Sederhananya, nilai demokrasi terlalu banyak menggeser nilai-nilai yang hidup di masyarakat. Bukannya hendak membahas ulang akan sejarah masa silam yang penuh pengorbanan dalam mendirikan negara demokratis, akan tetapi bila dilihat dari bentuk substansinya, toh tujuannya untuk mensejahterahkan. Bila demikian, apa salahnya bila nilai-nilai yang dahulu hidup seperti menokohkan seseorang yang dianggap suci, suku dikepalai oleh seseorang, kembali dihidupkan. Tujuannya agar semua masyarakat lebih erat dalam berkomunikasi dan lebih dekat dengan pemimpinnya yang bisa mendengar segala keluh dan kesahnya.
Pendapat di atas terdengar sangat utopis bukan? Bagaimana mungkin merubah bentuk negara kembali ke sejarah masa silam dimana kerajaan-kerajaan yang ada di Nusantara begitu mudah dikalahkan oleh penjajah sebab mereka terpecah-pecah.

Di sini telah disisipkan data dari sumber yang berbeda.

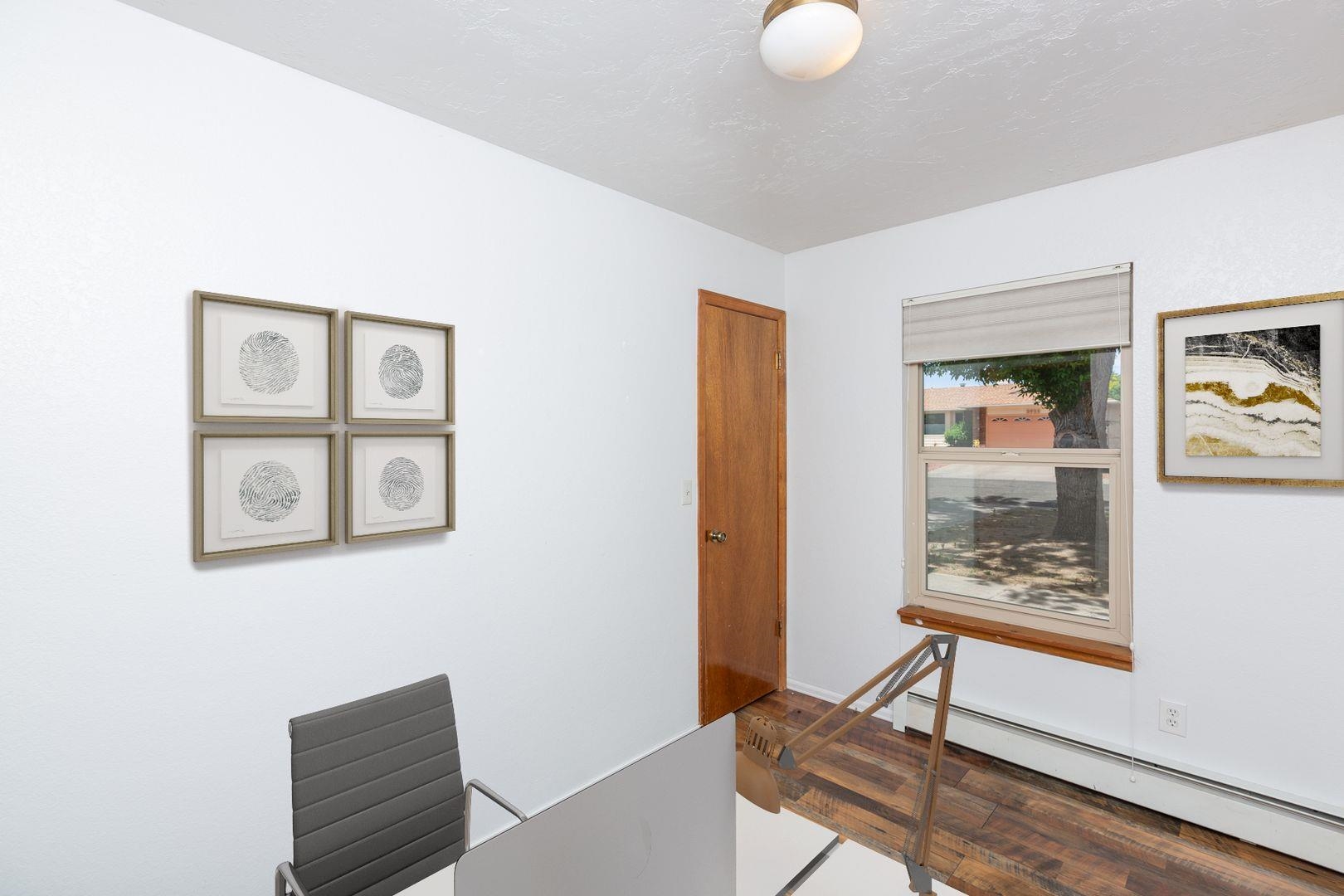 2921 1/2 Wagon Place Property Photo 19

Sebenarnya, saya hanya ingin membangunkan para mahasiswa, agar lebih melek dengan keadaan sekitarnya. Jangan hanya sibuk dengan kegiatan yang sifatnya individualistis. Tapi bagaimana agar “bahasa-bahasa” yang belum terdengar di masyarakat diterjemahkan oleh mahasiswa sebagaimana kelompok penekan, agar masyarakat mengerti mana yang menjadi hak dan kewajibannya sehingga mereka tidak lagi menjadi seekor kelinci.
Atau jangan-jangan, mahasiswa juga termasuk seekor kelinci?